This will be my last of these for awhile. With this I have exhausted the ones’  that I wrote and posted for the blog. While I will definitely revisit this idea again later, they will not be “recycled Scoutmaster’s Minutes”, but up to date ones, I hope. Again, this one came out of my pondering some things I was reading by Larry Winget (I went on a Winget tear in 2009 and read five of his bocks in short order.

I think it’s important to realize that, when we talk to scouts (or testers), these are kids that can generally take some “tough love”, and actually thrive on it. That was an important lesson to learn. Make high expectations and you should not be surprised when people meet those expectations. Set low expectations, and the same thing applies :).


While I was reading Larry Winget’s book “It’s Called Work for a Reason”, I found a statement that I felt was very applicable and something common enough that everyone would be familiar with it.


Whenever someone tells you that they will try something, they have given themselves an out. If they don’t do what they said they would do, then they can always come back and say “oh well, at least I tried”.

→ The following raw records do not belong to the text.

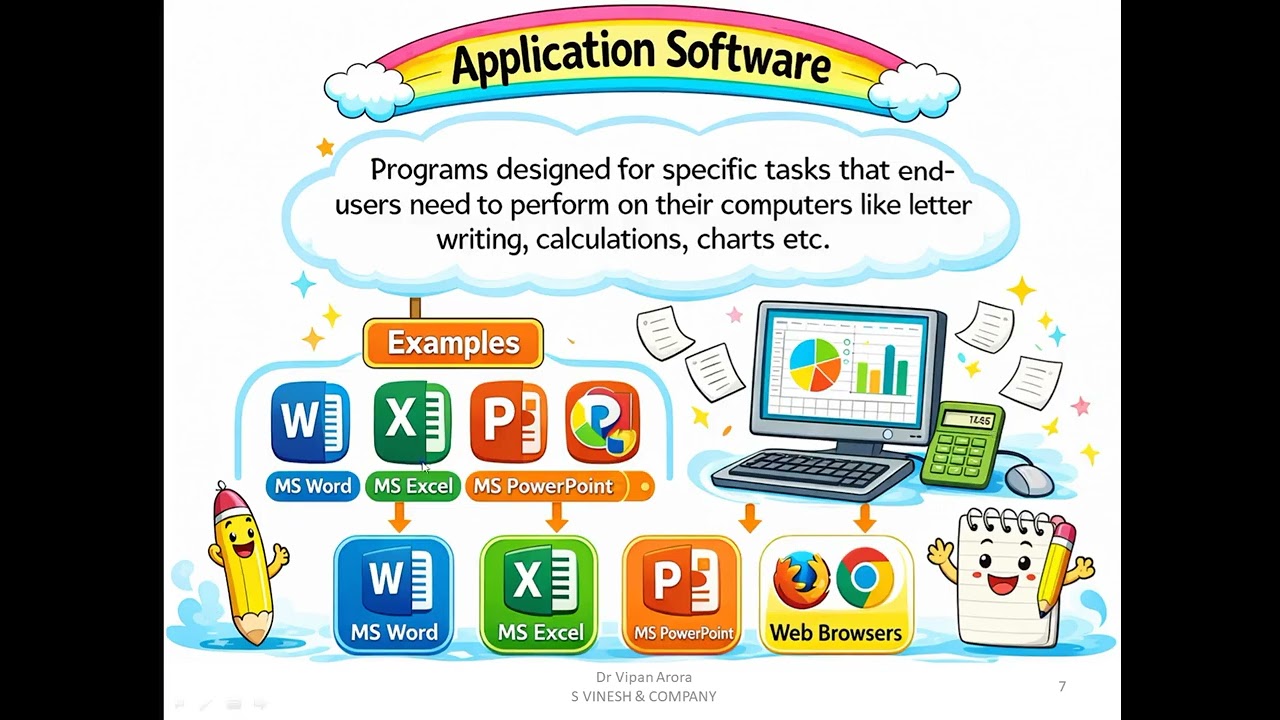 Chapter: Operating System | Computer Science 6th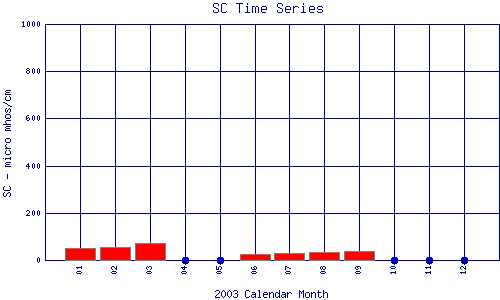SC Plot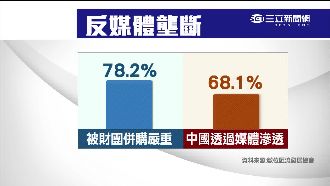 數位匯流民調　7成6盼重審中嘉案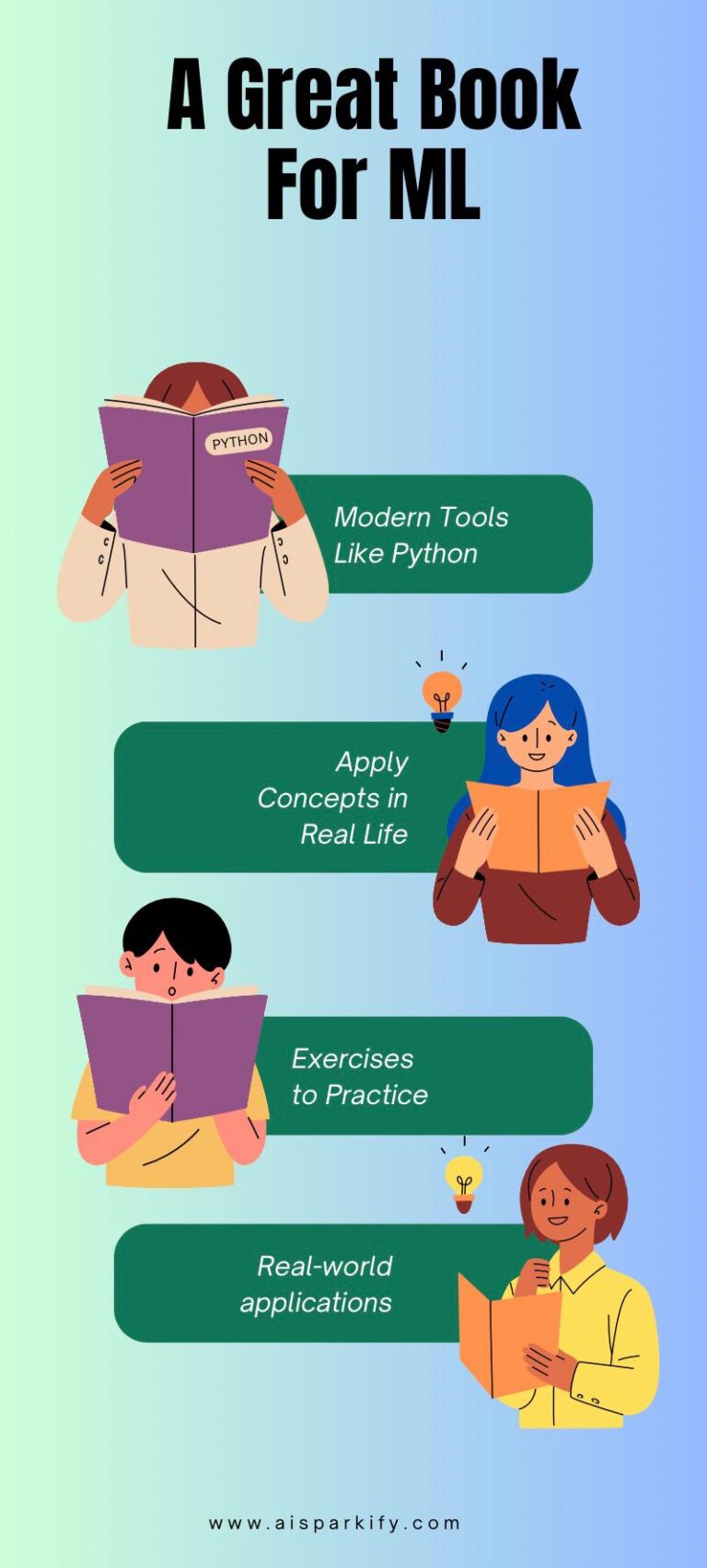 An infographic titled "A Great Book For ML" showing illustrations of people reading, with bullet points: Modern Tools Like Python, Apply Concepts in Real Life, Exercises to Practice, and Real-world applications.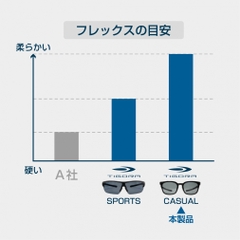 TIGORA Sunglasses Superior Fit Sports Glasses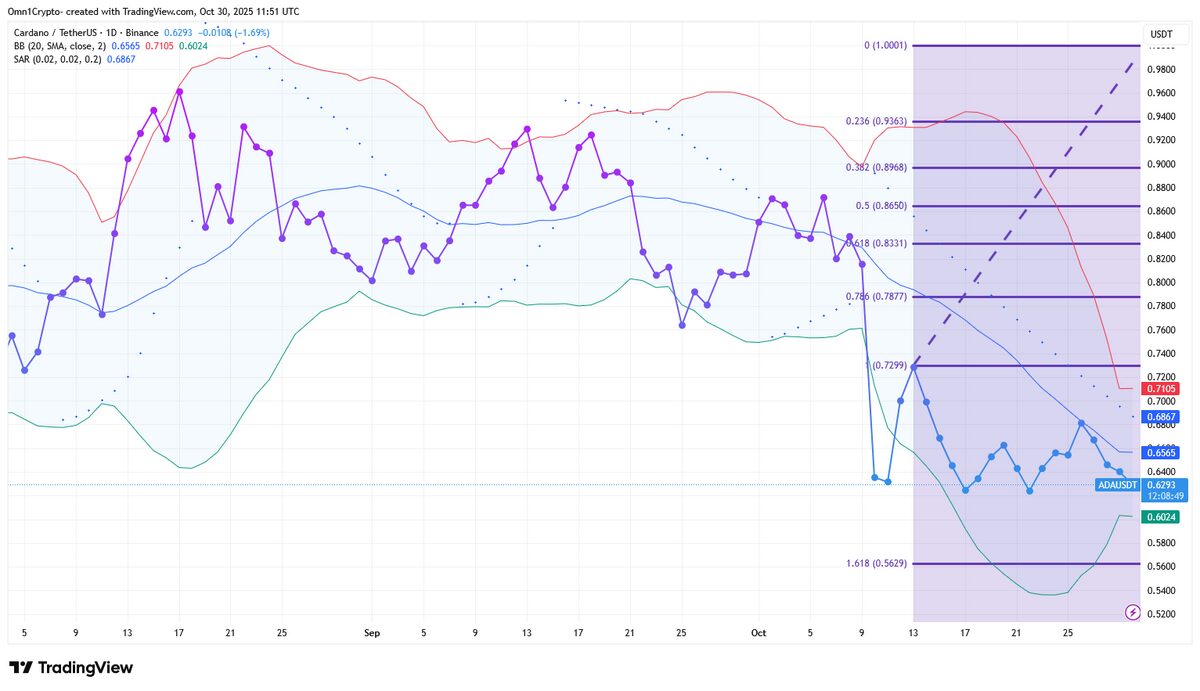 Cardano Bulls Brace For ADA Price Slide Before $1 Hits - DailyCoin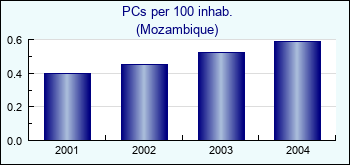 Mozambique. PCs per 100 inhab.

Personally, I would encourage every boy to purge the word “try” from their vocabulary. Try does not have the sense of commitment that the word “do” has. If I were to say to a Scout “I will try to hold a board of review for you after you have finished all of your requirements” they would be rightly upset with me if I did not follow through, but still, I can always fall back on those tired words “well, I tried” (notice how similar the words “Tired” and “Tried” are? I don’t think that’s an accident 🙂 ).

There is a scene in the Star Wars film “The Empire Strikes Back” that always resonated with me. It’s where the character of Yoda is speaking with Luke Skywalker and Yoda asked Luke to do a particularly hard task. When Luke answers that he will try to do it, Yoda’s answer is direct… “DO, or DO NOT… there is no TRY!”

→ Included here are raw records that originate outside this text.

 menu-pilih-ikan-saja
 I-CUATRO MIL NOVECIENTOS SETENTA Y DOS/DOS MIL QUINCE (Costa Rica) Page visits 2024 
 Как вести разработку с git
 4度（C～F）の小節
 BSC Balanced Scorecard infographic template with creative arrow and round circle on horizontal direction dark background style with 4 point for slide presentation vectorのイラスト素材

The reason this word is so popular is that we as people want to shield ourselves from failure. If we say that we will try to do something, and it didn’t happen, we didn’t really fail, right? We just tried it and decided it wasn’t for us. It’s comforting to say it that way, but often it rings hollow. It is better to say “I intended to do this, but I found that I ran out of time and could not do it” or “I did the thing I was asked to do, and discovered that I was not prepared or not physically able to accomplish the goal”. There’s a lot more meat to those words, isn’t there? When we do something, there is not always the guarantee of success. We may succeed, we may fail, but no matter what, we DO SOMETHING ABOUT THE SITUATION. If we succeed, then we enjoy the accomplishment. If we fail at it, we learn why we failed, adjust our approach towards the goal, and do it again. It’s my belief that those who keep doing, even when they fail, will eventually succeed… or they will determine that the task at hand is one that they wish to no longer do and they will set it aside. Either way, they have DONE something about it!

So boys, when you are asked by life to accomplish goals and to do the work that you need to do, commit to DO IT, or to NOT DO IT. Either is fine, but no more trying. History honors the doers of the world. Be a doer :).